Text-to-region grounding data
.....
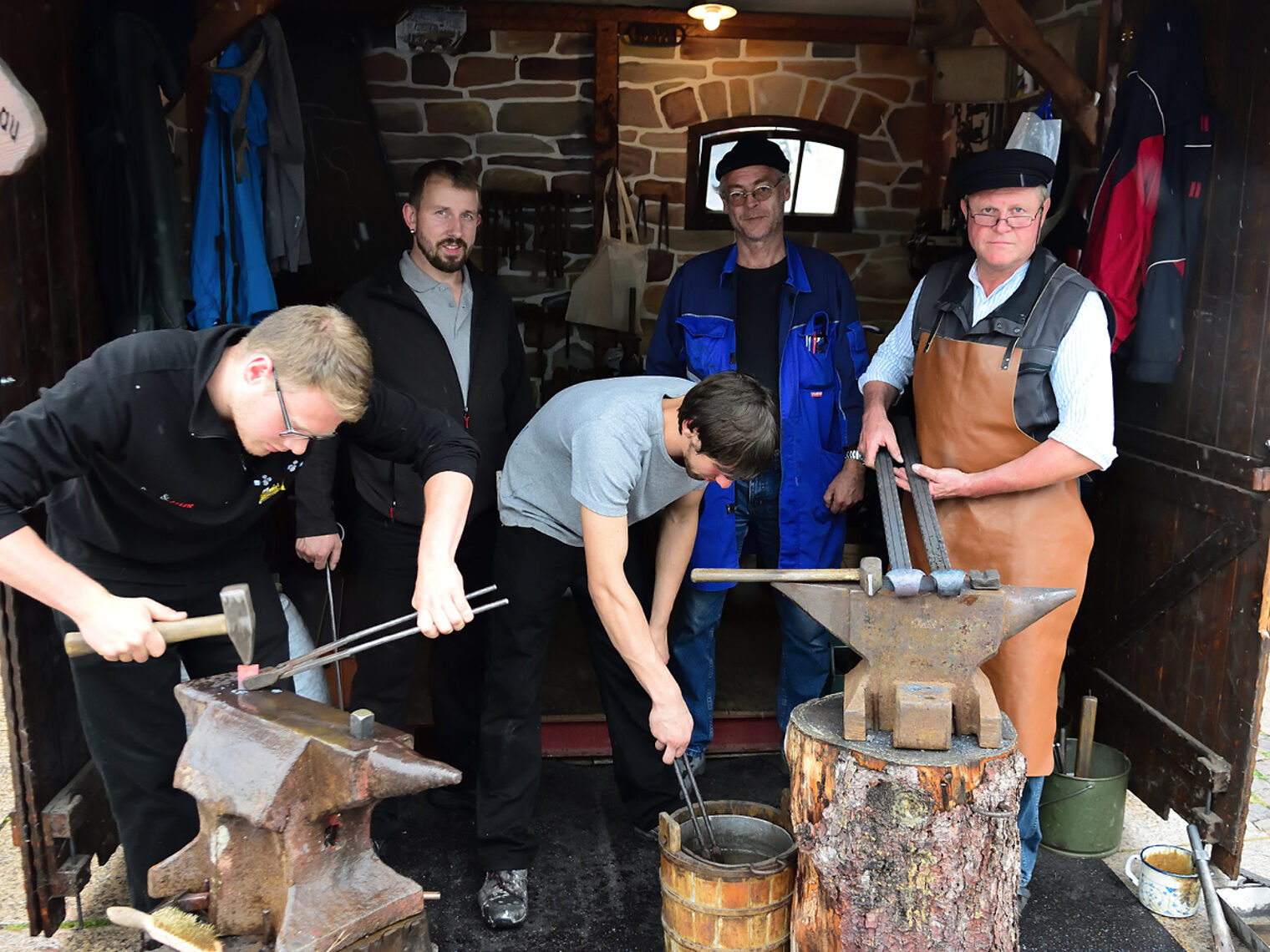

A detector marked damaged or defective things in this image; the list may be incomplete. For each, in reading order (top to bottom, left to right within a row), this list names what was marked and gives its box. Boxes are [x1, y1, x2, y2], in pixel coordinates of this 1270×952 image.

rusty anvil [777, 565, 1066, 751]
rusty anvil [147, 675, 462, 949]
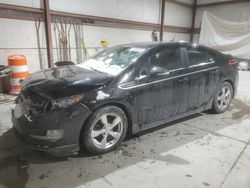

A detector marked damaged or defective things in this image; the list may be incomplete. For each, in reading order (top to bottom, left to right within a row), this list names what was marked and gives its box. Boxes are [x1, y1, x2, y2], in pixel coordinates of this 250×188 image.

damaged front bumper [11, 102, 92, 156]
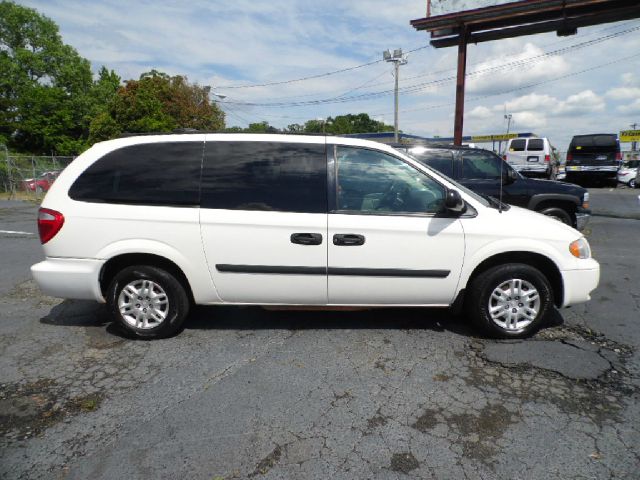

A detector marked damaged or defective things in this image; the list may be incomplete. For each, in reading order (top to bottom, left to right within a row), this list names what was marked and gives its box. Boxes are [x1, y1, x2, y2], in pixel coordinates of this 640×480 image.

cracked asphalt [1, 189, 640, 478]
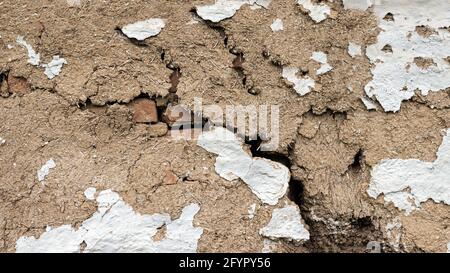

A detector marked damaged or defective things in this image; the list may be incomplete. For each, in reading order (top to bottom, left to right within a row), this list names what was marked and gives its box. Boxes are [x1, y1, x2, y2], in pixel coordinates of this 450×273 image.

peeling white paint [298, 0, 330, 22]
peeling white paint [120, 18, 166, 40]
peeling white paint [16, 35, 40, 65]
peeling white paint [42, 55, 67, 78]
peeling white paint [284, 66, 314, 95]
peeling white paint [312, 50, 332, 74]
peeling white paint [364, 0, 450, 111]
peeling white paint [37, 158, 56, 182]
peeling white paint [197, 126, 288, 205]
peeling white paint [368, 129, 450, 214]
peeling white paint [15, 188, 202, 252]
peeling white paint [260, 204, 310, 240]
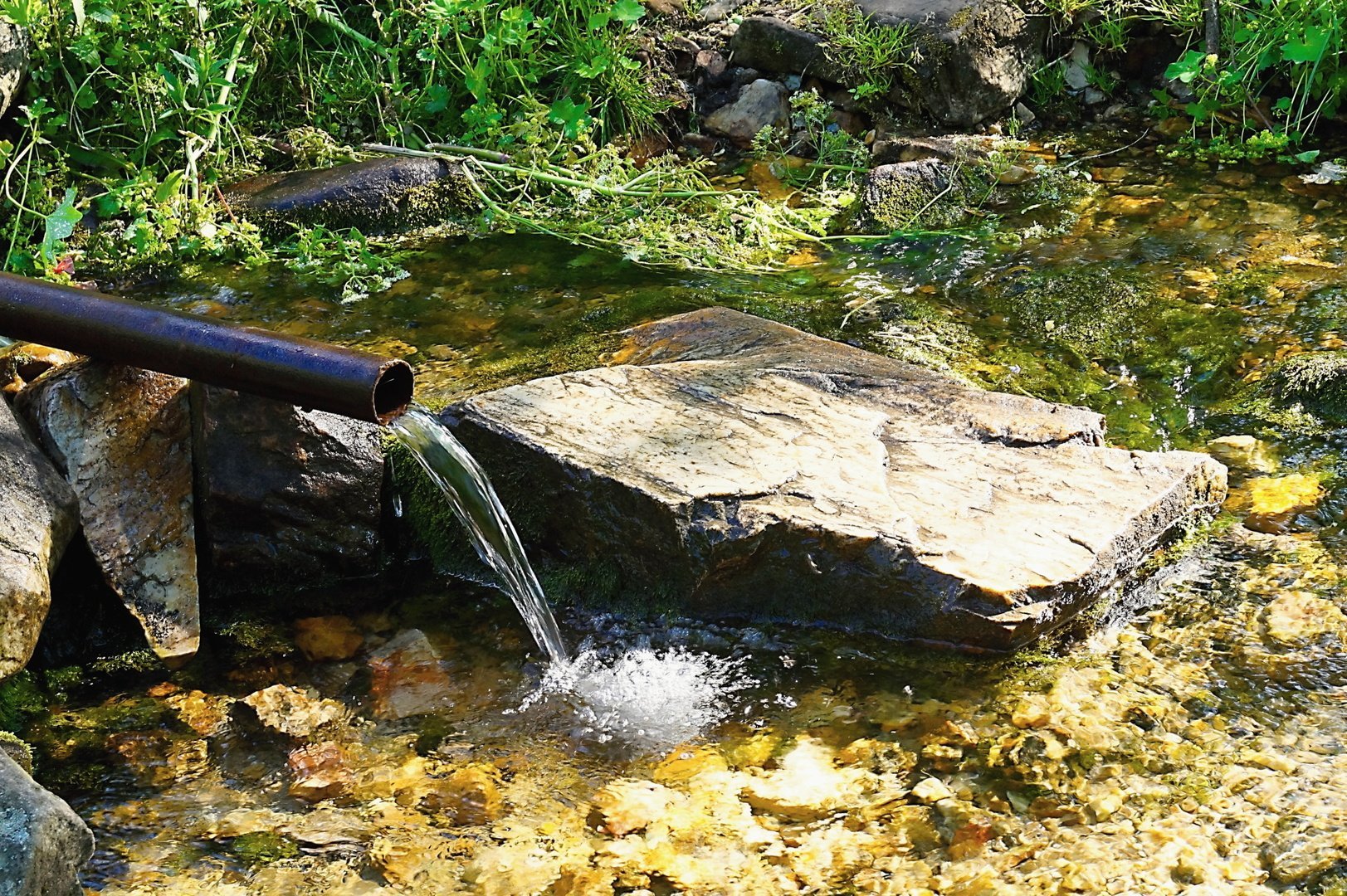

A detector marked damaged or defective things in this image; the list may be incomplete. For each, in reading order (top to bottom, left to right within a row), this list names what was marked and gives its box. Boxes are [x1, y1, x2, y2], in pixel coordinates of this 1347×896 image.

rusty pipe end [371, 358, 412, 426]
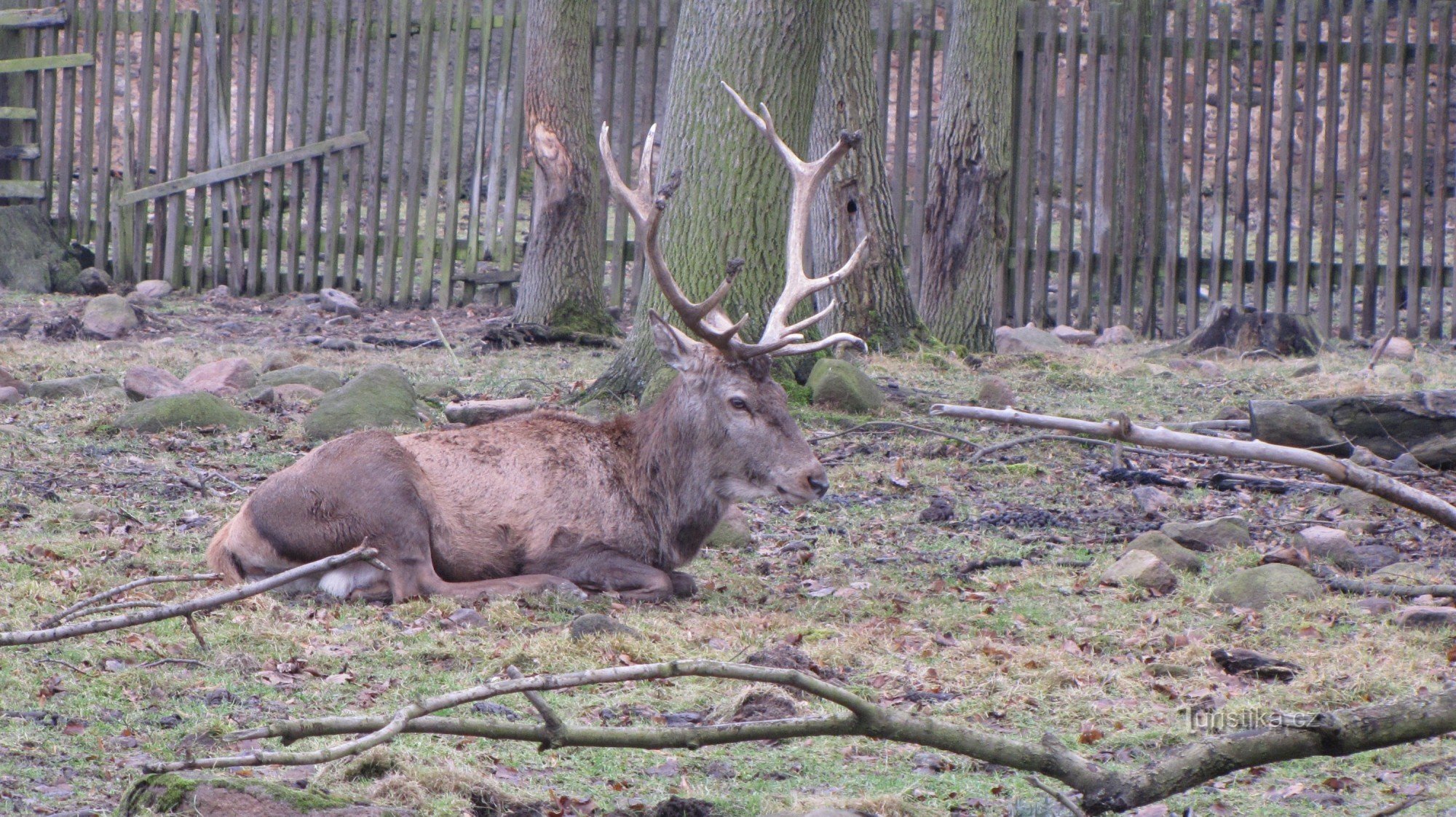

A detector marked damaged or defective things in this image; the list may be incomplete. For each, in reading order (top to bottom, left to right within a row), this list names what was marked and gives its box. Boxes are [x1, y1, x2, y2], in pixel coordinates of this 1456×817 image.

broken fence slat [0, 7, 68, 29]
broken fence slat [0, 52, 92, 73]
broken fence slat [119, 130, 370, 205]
.....
◆ **Your instructions**: Reproduce precisely the lines of the entries above, from the one containing "this 250×188 image." through the final one, both ends included, and omit the pictures.

◆ **Response**:
A detector marked damaged or defective things in this image; the list may be incomplete. For each, in reading order (top to bottom, left to right within a row), this list names what was marked and gives its box. Boxes are [x1, y1, x2, y2], in pixel coordinates of this 250×188 image.

damaged front bumper [11, 102, 92, 156]

A detector marked damaged or defective things in this image; the list may be incomplete. For each, in reading order (top to bottom, left to right within a row), this list names what was marked and gives its box. Boxes are [x1, y1, x2, y2], in pixel coordinates of this 640×480 image.

cracked asphalt [1, 189, 640, 478]

A detector marked damaged or defective things in this image; the list may be incomplete. For each, in reading order (top to bottom, left to right within a row), this list names what was marked and gives its box. Boxes are [x1, y1, x2, y2], in pixel coordinates of this 450×273 image.

peeling white paint [298, 0, 330, 22]
peeling white paint [120, 18, 166, 40]
peeling white paint [16, 35, 40, 65]
peeling white paint [42, 55, 67, 78]
peeling white paint [284, 66, 314, 95]
peeling white paint [312, 50, 332, 74]
peeling white paint [364, 0, 450, 111]
peeling white paint [37, 158, 56, 182]
peeling white paint [197, 126, 288, 205]
peeling white paint [368, 129, 450, 214]
peeling white paint [15, 188, 202, 252]
peeling white paint [260, 204, 310, 240]

A detector marked damaged or defective things in this image; the list may be incomplete. For each, in reading order (top to bottom, left to right within a row), this list names what was marked and gives its box. Boxes are [x1, y1, x2, y2], in pixel coordinates of this 1347×896 image.

rusty pipe end [371, 358, 412, 426]

A detector marked damaged or defective things in this image; the list may be incomplete. For each, in reading order (top to bottom, left to right within a row), this list names what was marked and gives its box. Boxes are [x1, y1, x2, y2], in pixel coordinates of this 1456×817 image.

broken fence slat [0, 7, 68, 29]
broken fence slat [0, 52, 92, 73]
broken fence slat [119, 130, 370, 205]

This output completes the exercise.